Based on Lynn Riggs' 1929 play of the same name, it focuses on "early-20th century folks who didn't care to be absorbed into statehood".

==Background==
Jones directed the play Roadside for his master's thesis in directing at the University of Texas. After Jones arrived in New York, Schmidt and he wrote a few songs for the musical and made a demo (but gave up since they could not acquire the rights).

==Productions==
The show premiered on February 16, 2001, at the Irving Arts Center in Irving, Texas, with a cast consisting of Randy Tallman (Pap Raider), Stan Graner (Amos K. "Buzzey" Hale), Julie Johnson (Hannie Raider), Ryan Appleby (Red Ike), Steve Barcus (Black Ike), Jonathan Beck Reed (Texas), Richard Estes (The Verdigree Marshall), Rick Prada (Neb, the Jailer), Jerry Haynes (Judge Snodgrass), and Lois Sonnier (Miz Foster). The orchestra had Nyela Basney (piano), Mike Cruciger (banjo/guitar), and Dave Yonley (fiddle).

The show then moved to the Granbury Opera House in Granbury, Texas, and stayed there from March 9 through April 1, 2001.

The show opened Off-Broadway at the York Theatre on November 29, 2001, and starred Jennifer Allen (Mitz Foster), Ryan Appleby (Red Ike), G.W. Bailey (Pap Raider), Steve Barcus (Black Ike), Tom Flagg (Ned the Nailer), James Hindman (Amos K. "Buzzey" Hale), Julie Johnson (Hannie), Jonathan Beck Reed (Texas), and William Ryall (The Vedigree Marshall).

==Synopsis==

The following is taken from the Roadside CD pamphlet:

Act One

On a small, traveling tent show stage like the ones that used to tour rural Texas during the early part of the twentieth century, Uncle Billy Barlow (G.W. Bailey) welcomes the audience and invites them to enjoy the show for the evening – “ROADSIDE.” As he hawks Uncle Billy Popcorn and introduces the other members of the company, he and the actors sing UNCLE BILLY’S TRAVELIN’ FAMILY SHOW.

Opening over, Uncle Billy steps into his role as Pap Raider while several of the others join him in a small “covered wagon” made of old-fashioned cut-out scenery. As the two look-alike cousins, Red Ike and Black Ike (Ryan Appleby & Steve Barcus) kneel in the shadows at the side and make the sound of horses’ hoofs, Pap sings ROADSIDE, joined first by Buzzey (James Hindman), a dried-up little farmer who is following on foot, and then by Pap's daughter Hannie (Julie Johnson), a lusty western woman with a romantic heart and a wicked sense of humor. When the wagon stops by the roadside, Buzzey tries to persuade Hannie to marry him and come live on his farm. Hannie is intrigued. “Just think,’ she says, “wake up in the morning and know whur you’re at.” But she has other dreams, dreams of finding a big, brawny, free-spirited man who can be Adam to her Eve. In the meantime, she's just waiting (HERE AM I).

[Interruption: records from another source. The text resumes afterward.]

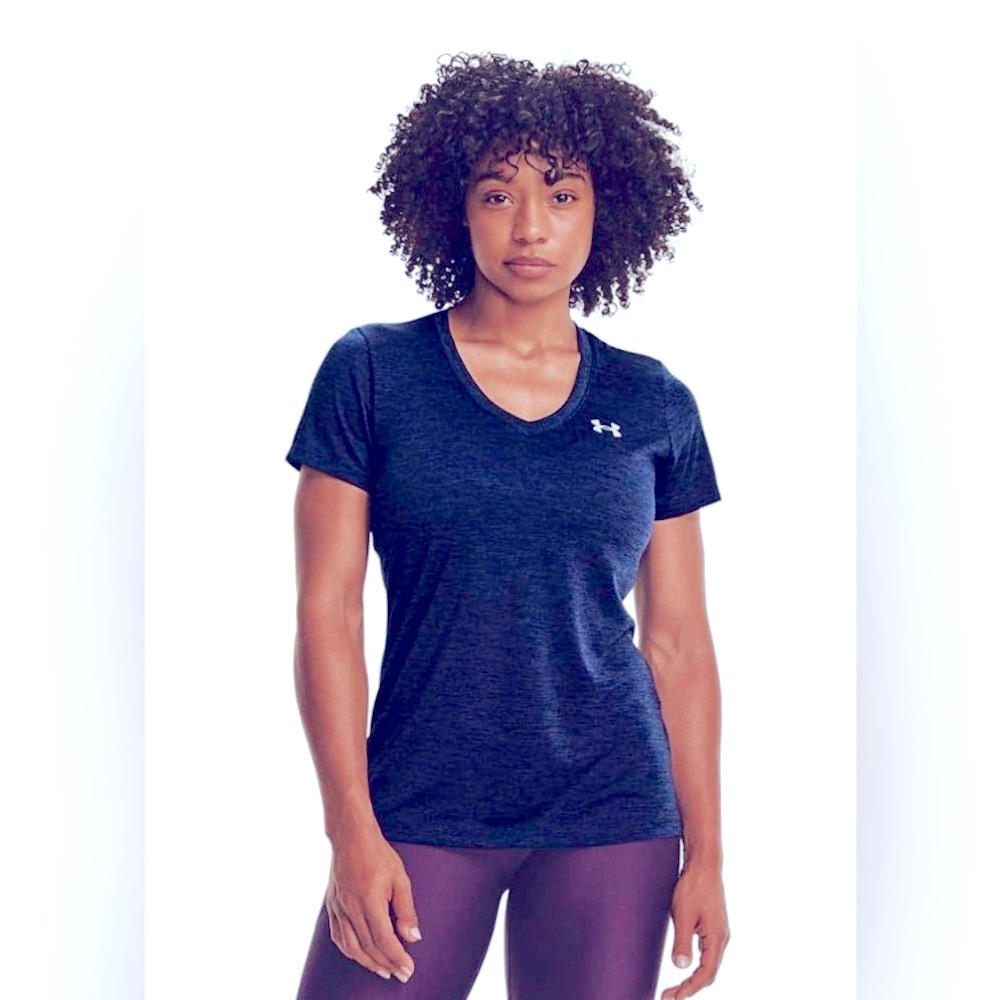 Under Armour womens Tech V-neck Twist Short-sleeve T-shirt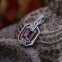 Pendentif d'exception en argent et pierre grenat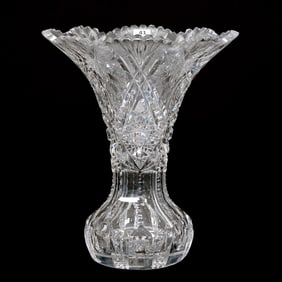 Flared Vase, ABCG, Feathered Star Pattern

The Ikes come rushing in with news of a crazy ring-tail-tooter of a cowboy named Texas who got drunk and tore up the town of Verdigree. He kicked the judge off the bench and “made just plumb hash” out of the courtroom. Hannie is impressed, and when she hears a loud, shouting voice down the road, she hurries into the wagon to get ready. Texas (Jonathan Beck Reed) comes in, banged-up from the brawl, and he and Pap hit it off immediately (I DON’T WANT TO BOTHER NOBODY).

When Hannie steps out of the wagon, all dolled up in her best dress, Texas is impressed. She tells him that when she heard him coming she ran in the wagon and purtied herself up before he got there. “Put most a pint of flour on my face to make me look nice. And smellamagoody perfume, half a bottle. Smell me.” Then, as she teasingly vamps him and he responds in a perfumed trance, Buzzey tries to distract them both from the business at hand (SMELLAMAGOODY PERFUME).

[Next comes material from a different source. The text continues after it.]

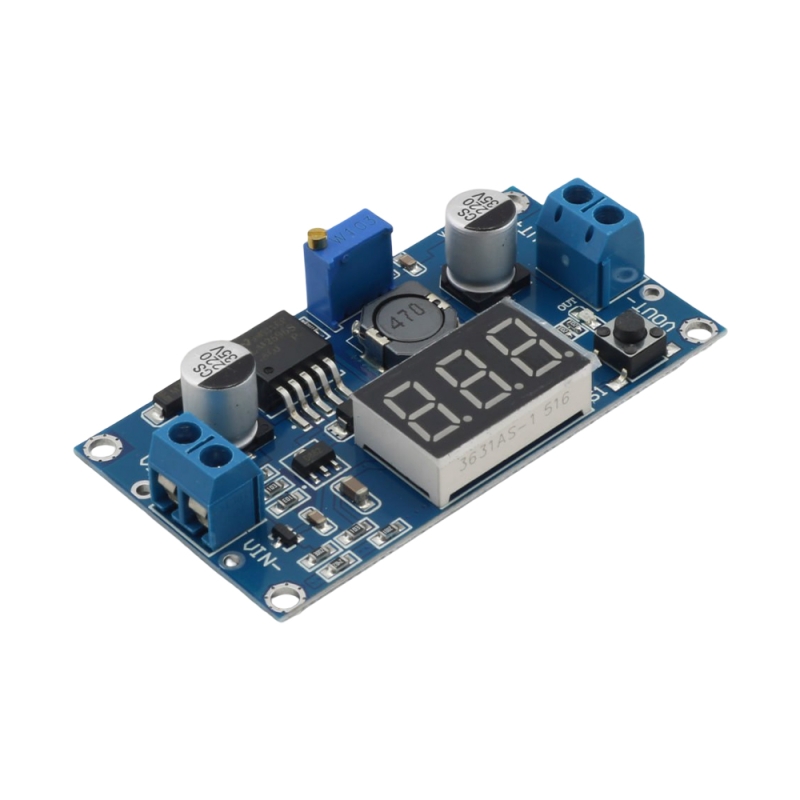 ماژول مبدل DC-DC LM2596 کاهنده خروجی به همراه نمایشگر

Texas decides to spend the night, and as they all bed down by the campfire, light comes up on Red Ike and Black Ike over by the orchestra as they do an “in one” olio number typical of the traveling tent shows of long ago (LOOKIN’ AT THE MOON).

Dawn, the next morning. The Verdigree Marshal (William Ryall), led to the scene by Buzzey, comes in and “gets the draw on” Texas. Pap and Hannie are very excited, expecting to see a miraculous fight, but Texas is staring straight into the Marshal's rifle, and he is thoroughly hungover. Even when the Marshal puts the rifle away and gives Texas his pistol back so they can have a good, old-fashioned shoot-out, all Texas can manage to do is drop to his knees and throw up in the stew pot, and Hannie is outraged. She turns on Texas and he tries to defend himself against her tirade as the Marshal leads him off to jail (I’M THROUGH WITH YOU!).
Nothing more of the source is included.